In linear algebra, does $A \perp B$ mean the same thing as $A = B^\perp$?

Question

I'm having a hard time wrapping my head around orthogonal complements. I think my brain just rejects the notation, for whatever reason. If I could write $A \perp B$ and read it as, "The subset $A$ is orthogonal to the subset $B$," I think that would help, at least for the period of time where I'm still feeling uncomfortable with these ideas. So my specific questions are: Is there something wrong with this alternative notation? Does, "...is orthogonal to..." mean something different from, "...is the orthogonal complement of..."? If so, what is the difference? If not, then is $A \perp B$ already an established alternative to $A = B^\perp$?

Answer 1

Not necessarily.
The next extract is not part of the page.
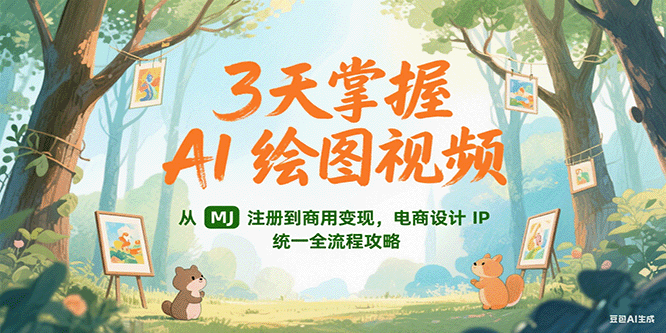 3天掌握AI绘图视频，从MJ 注册到商用变现，电商设计IP统一全流程攻略-创新Ovo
Consider $\mathbb{R}^3$ with its standard norm and the sets $A = \{(1,0,0)\}$, $B = \{(0,1,0)\}$. Then, clearly $A \perp B$ and $(0,0,1) \in B^{\perp}$ but $(0,0,1) \notin A$.

Answer 2

You can read $B^\perp$ as the maximal (i.e. largest) subspace $A$ so that $A\perp B$. The existance of such a space is clear, as with $A\perp B$ for all $A\in\mathcal F$ we also have $\langle \bigcup_{A\in\mathcal F} A\rangle\perp B$.

One set being orthogonal to the other simply means that any selection of two vectors is orthogonal.